# berechnung mehrwertsteuer in tabelle



## c_83 (6. Dezember 2007)

hallo, ich möchte in einer tabelle, in der ich ein angebot berechnet habe (netto preise) noch die funktion hinzufügen, die die mehrwertsteuer von 19% aufschlägt.  berechnet werden soll dise immer in der jeweils letzten  zelle einer spalte für die vorletzte zelle (also der darüberstehenden). . der preis ist natürlich variabel, genauso die anzahl der zeilen. leider habe ich nur fragmentarisch etwas gefunden, das das eventuell ermöglichen könnte. da ich noch relativ neu auf diesem gebiet bint, wäre es echt toll, wenn  mimir jemand weiterhelfen könnte. der was ich gefunden habe lautet: [


Preis = 20 'DM
MWST = 15  '%
Rechnung = ProzentAdd(Preis, MWST) 'ergibt 23


wie kann ich das jetzt am besten auf mein problem anwenden?


----------



## ronaldh (6. Dezember 2007)

Ich verstehe nicht, was Du willst, oder was Dein Problem ist.

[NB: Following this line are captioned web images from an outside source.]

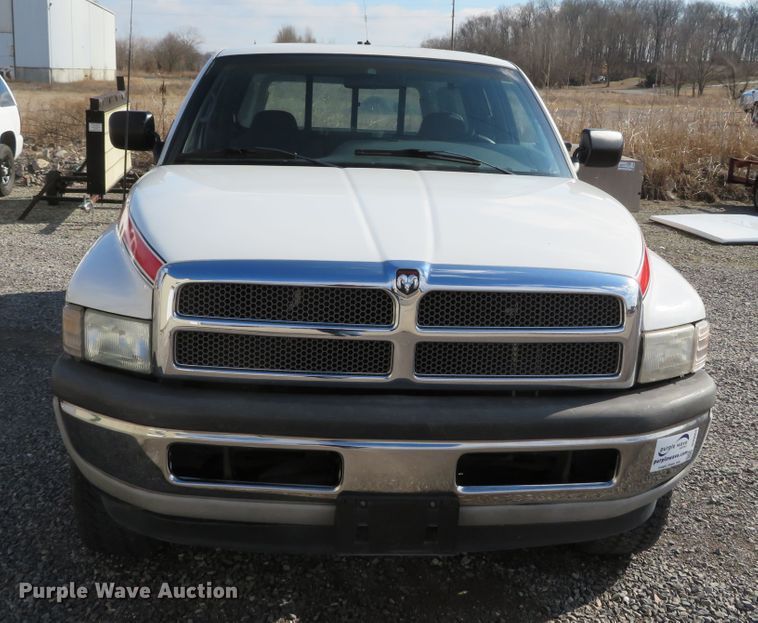 image for item DH0664 1996 Dodge Ram 1500  Club Cab pickup truck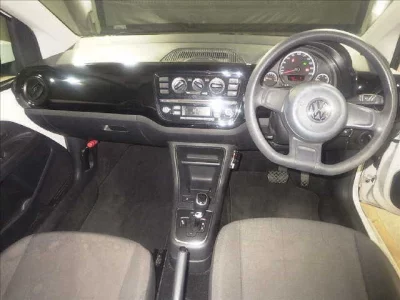 Volkswagen UP  с аукциона в Японии
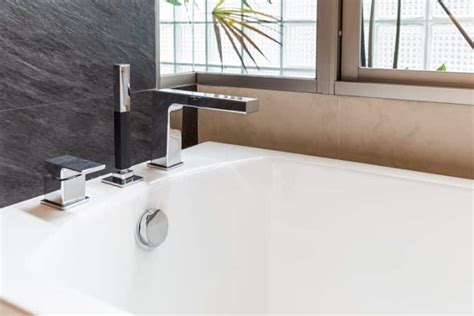 20 Bathtub Faucet Types For Every Bathroom Style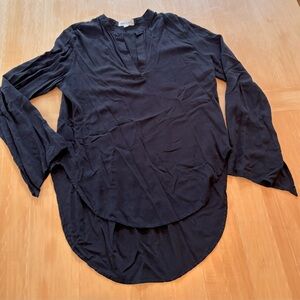 Cloth and Stone black blouse. Size medium.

Das liegt vielleicht auch daran, dass Du ohne Groß-/Kleinschreibung, Zeichensetzung etwas hingeschrieben hast, was so kaum zu entziffern ist.

rh


----------



## ronaldh (6. Dezember 2007)

Ich verstehe nicht, was Du willst, oder was Dein Problem ist. Das liegt vielleicht auch daran, dass Du ohne Groß-/Kleinschreibung, Zeichensetzung etwas hingeschrieben hast, was so kaum zu entziffern ist.

rh


----------